Firm Up Those Post-Weight-Loss Buttocks

After losing a significant amount of weight, many people will experience droopiness in their skin. By this we mean your arms aren’t as toned as you’d like, your stomach isn’t as tight, or your buttocks is not as firm. Today we are going to go over one of these issues and provide you with a list of exercise moves you can do on your own at home.

Firming Your Buttocks

Losing the weight is half of the journey, the other half is getting your body toned so that you can be proud to show it off!

During these warm months you will more than likely be hitting the beach, or pool so it is important for you to have a buttocks that you can be proud of! After all, you’ve put a lot of effort into getting this far!

We are going to share with you, a few of our favorite exercises to get your buttocks into shape!

 1. Hip Lift

This is a perfect all-over butt workout.

  • Lie on your back with your arms at your sides, your knees bent and your feet on the floor.
  • Lift your hips toward the ceiling. Hold for 1 second, and then lower back down.
  • Repeat the lifts for 60 seconds, squeezing your glutes and hamstrings at the top of the range of motion. Be careful not to overarch your spine.

2. Toe Taps

This is the perfect exercise for your lower buttocks area.

  • Lie on the floor with your arms on your sides.
  • Lift your feet, bending both knees to 90 degrees so your thighs are perpendicular to the floor.
  • Now slowly and quietly tap your left toes to the floor, then your right.
  • Alternate tapping feet for one minute.

3. Single Leg Squat

This is perfect for getting rid of that extra fat located at the bottom of your hips, at the top of your butt.

  • Stand with your feet together and place your right foot on top of a folded towel.
  • Shifting your weight to your left leg, slide the towel out slowly to your right.
  • Then slowly return to the start position.
  • Work this side for 30 seconds, keeping your elbows bent and your fists together near your chin.
  • When you squat, your left knee should bend between 45 and 90 degrees.
  • After 30 seconds, switch legs and do the squats and slides for another 30 seconds.

4. Plie

This incredibly easy move will do wonders for your entire buttocks.
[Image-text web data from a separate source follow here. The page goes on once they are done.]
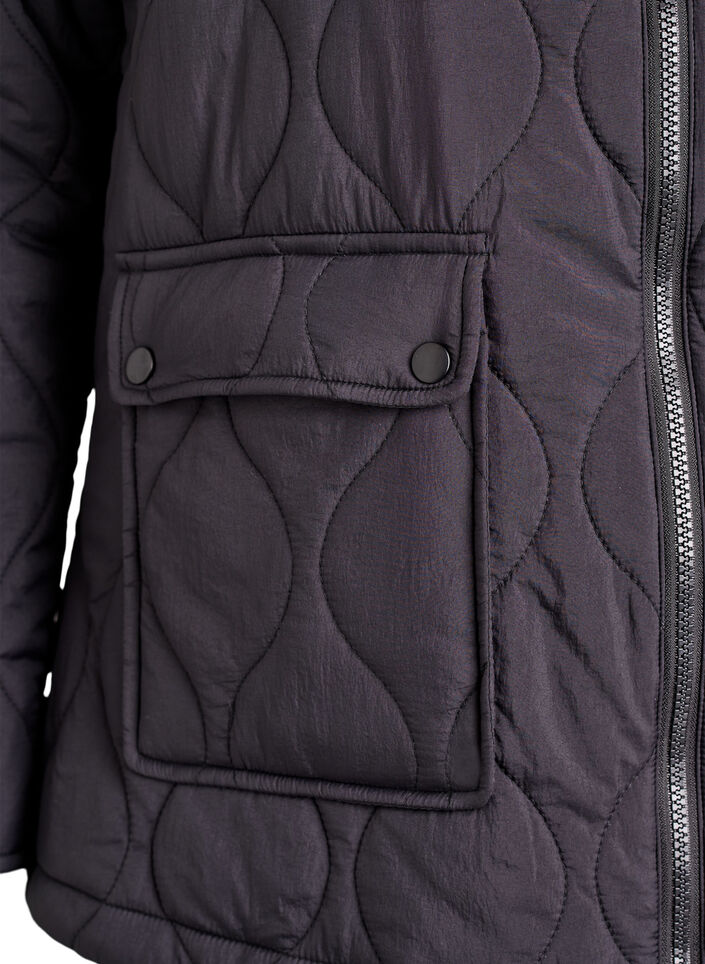 Quilted jacket with hood and pockets, Black, Packshot image number 3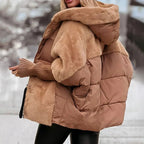 Women Hooded Down Jacket Winter Coat Puffer Warmth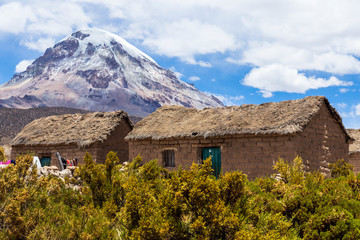 Tomarapi, Bolivia. 10-25-2019. Houses  at Tomarapi village at Sajama national park.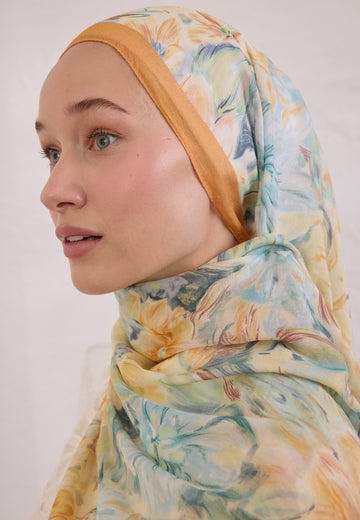 Gün Işığı Pure Flora Desen Rami Şal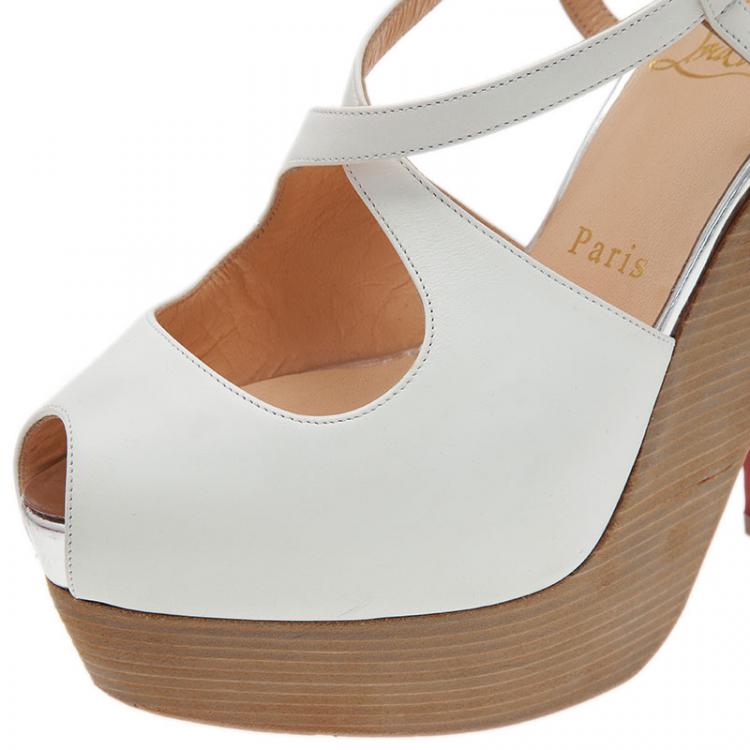 Pre Owned Christian Louboutin White Leather Rozeppa Ankle Strap Sandals Size 36.5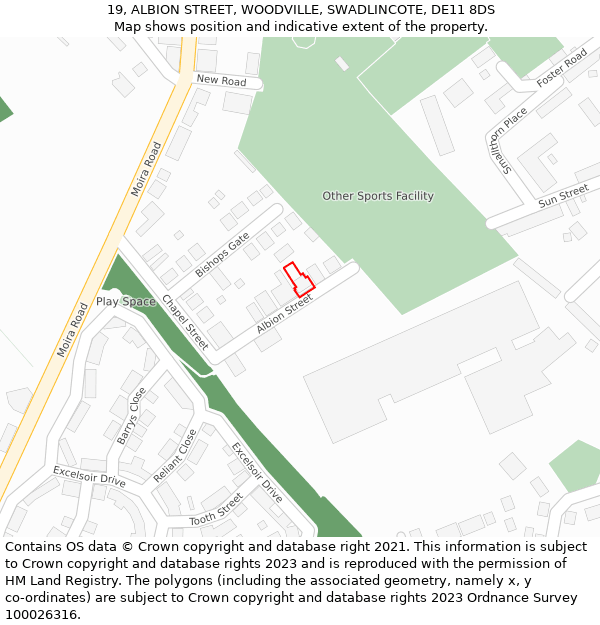 19, ALBION STREET, WOODVILLE, SWADLINCOTE, DE11 8DS: Location map and indicative extent of plot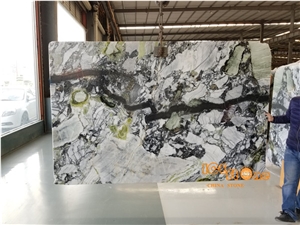 White Beauty/Ice Connect Marble/Green Color/Natural Stone/Own Quarry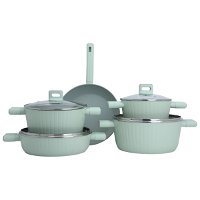 Robust light green pots set with glass lid 9 pieces product image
  • Stand with your feet slightly wider than shoulder-width apart and your toes pointing out.
  • Bring your arms out straight in front of you and lower into a squat.
  • Come back up and repeat. Go as low into the squat as you can without letting your knees move past your toes.
  • Be sure to tuck your tailbone under and contract your glutes. Keep your torso tall, and don’t let your knees creep past your toes.
  • Do for 1 minute. (After about 40 seconds, pulse at the bottom of the squat for 20 seconds.)

Do these moves on a daily basis, adding more time to each exercise as you become stronger. With the help of these moves, you will be on your way to a firm buttocks in no time at all!

Weight Loss Help

Are you struggling to meet your weight loss goals? Weight loss is much harder to accomplish than many people believe. The truth is, for many people, it’s nearly impossible to see the results you were hoping for, without the help of a professional. That is where Svelte Medical Weight Loss comes in. Svelte is a weight loss program that actually works. Through a tried and true method of balancing your body’s insulin levels, we have pinpointed exactly what your body needs in order to lose weight fast. If you are interested in finding out what Svelte Medical Weight Loss of Orlando can do for you, contact us today.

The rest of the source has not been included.